Record set »
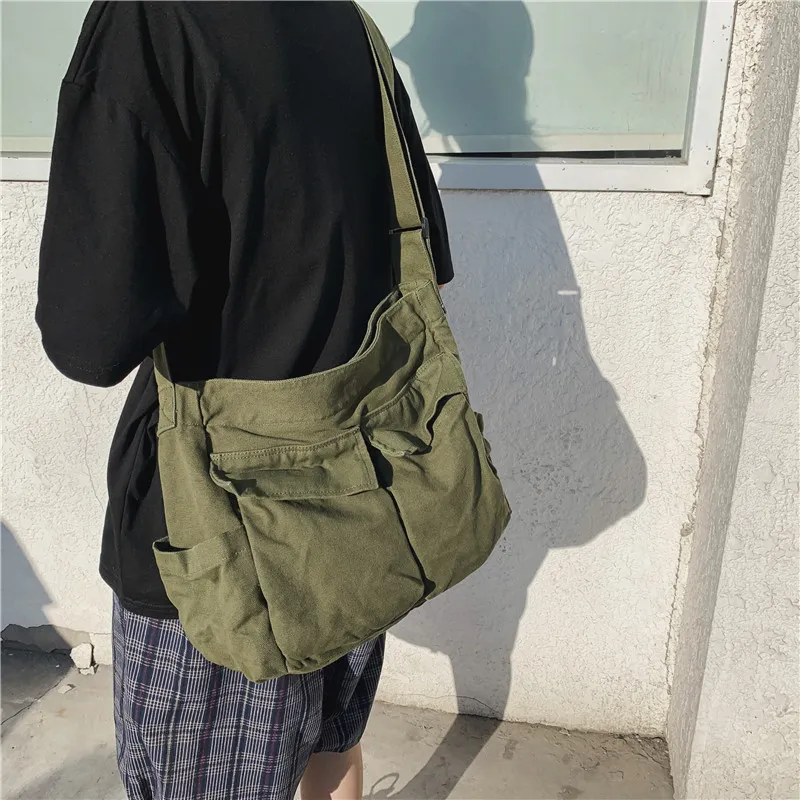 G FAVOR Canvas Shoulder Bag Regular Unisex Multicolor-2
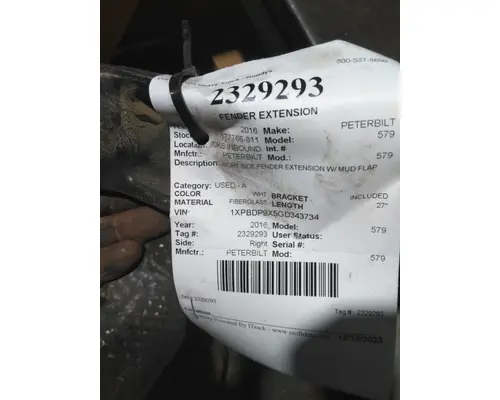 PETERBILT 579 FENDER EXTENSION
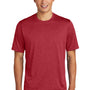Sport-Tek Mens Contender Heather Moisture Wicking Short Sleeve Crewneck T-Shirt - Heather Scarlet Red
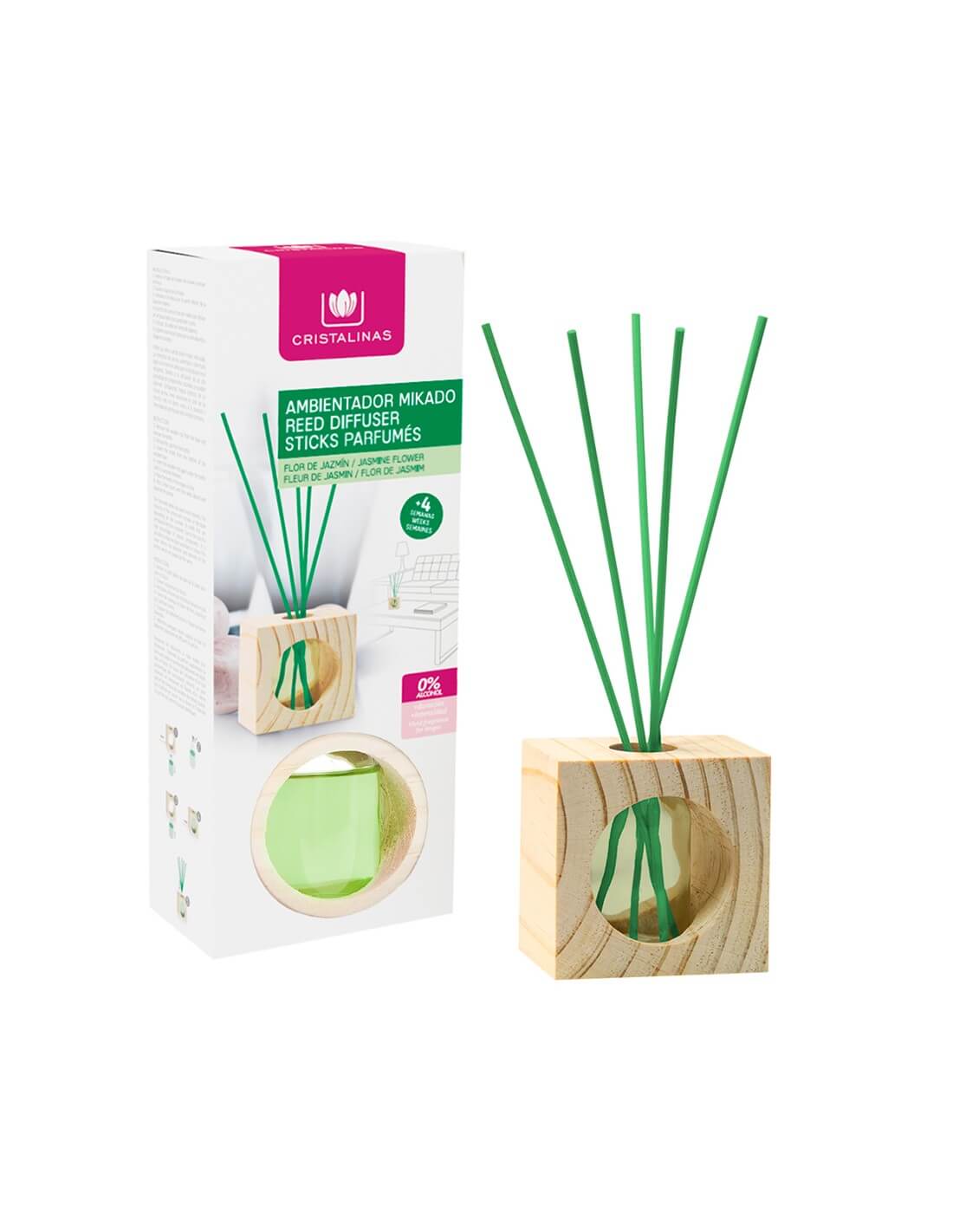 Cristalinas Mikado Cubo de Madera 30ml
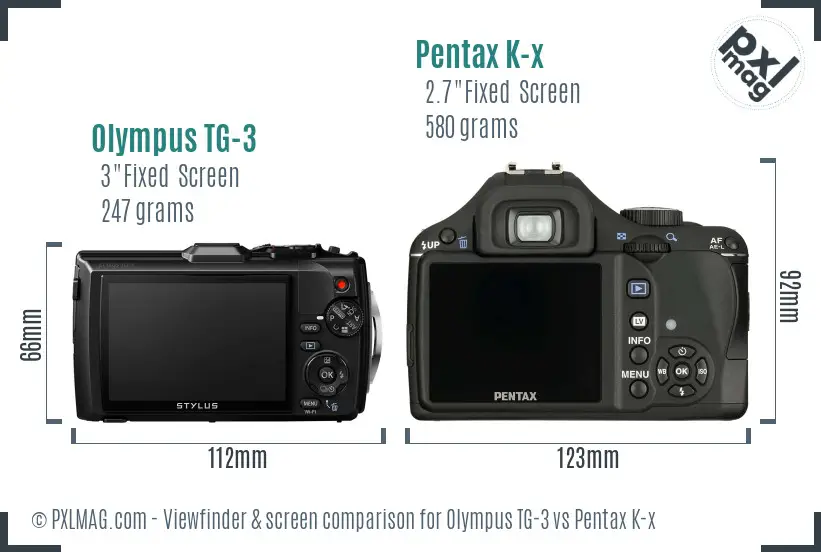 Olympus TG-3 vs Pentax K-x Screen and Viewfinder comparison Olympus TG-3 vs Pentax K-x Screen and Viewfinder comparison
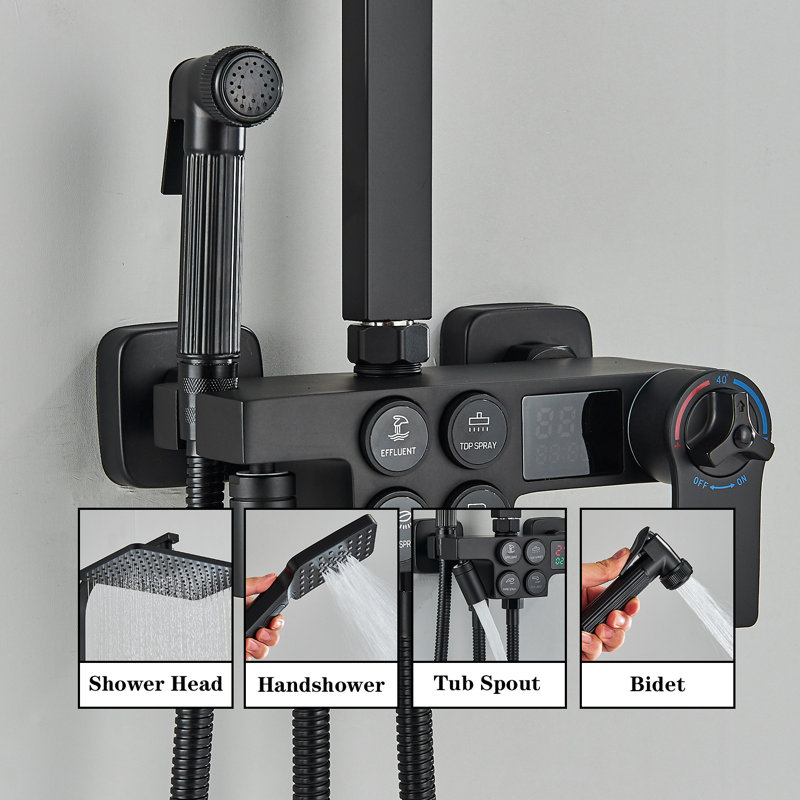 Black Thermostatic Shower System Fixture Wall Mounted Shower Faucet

* * *

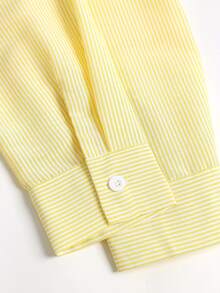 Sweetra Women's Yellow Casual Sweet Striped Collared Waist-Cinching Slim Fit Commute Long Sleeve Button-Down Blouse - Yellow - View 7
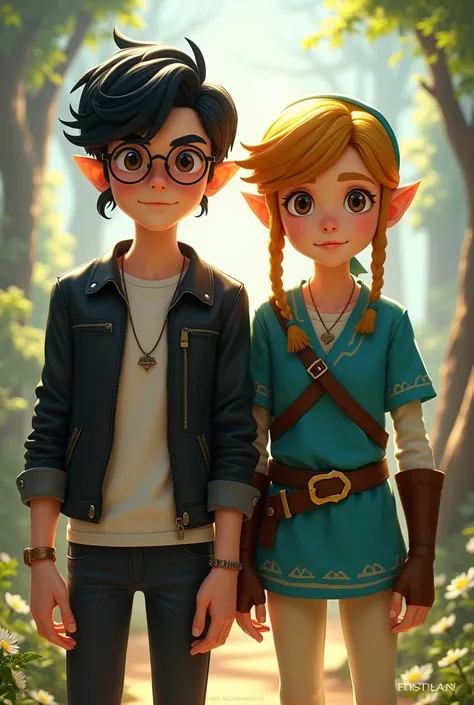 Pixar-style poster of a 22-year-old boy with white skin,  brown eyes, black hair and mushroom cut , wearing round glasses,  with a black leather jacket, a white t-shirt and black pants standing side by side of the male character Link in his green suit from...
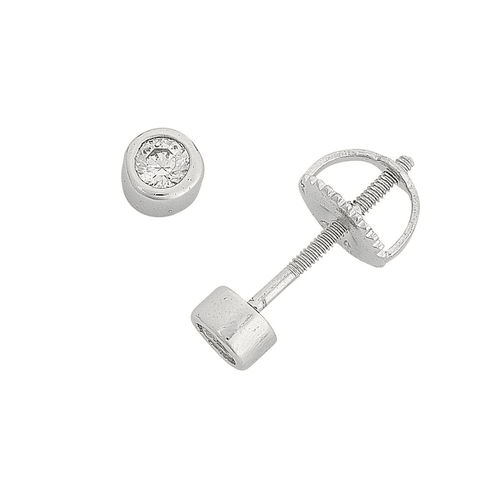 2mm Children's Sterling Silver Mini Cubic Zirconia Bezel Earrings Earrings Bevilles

What is required »
Once the line with "G FAVOR Canvas" is found above, print it and every line after it through the line with "Black Thermostatic Shower", exactly. Pictures stay out.

Written response »
 G FAVOR Canvas Shoulder Bag Regular Unisex Multicolor-2
 PETERBILT 579 FENDER EXTENSION
Sport-Tek Mens Contender Heather Moisture Wicking Short Sleeve Crewneck T-Shirt - Heather Scarlet Red
 Cristalinas Mikado Cubo de Madera 30ml
 Olympus TG-3 vs Pentax K-x Screen and Viewfinder comparison Olympus TG-3 vs Pentax K-x Screen and Viewfinder comparison
 Black Thermostatic Shower System Fixture Wall Mounted Shower Faucet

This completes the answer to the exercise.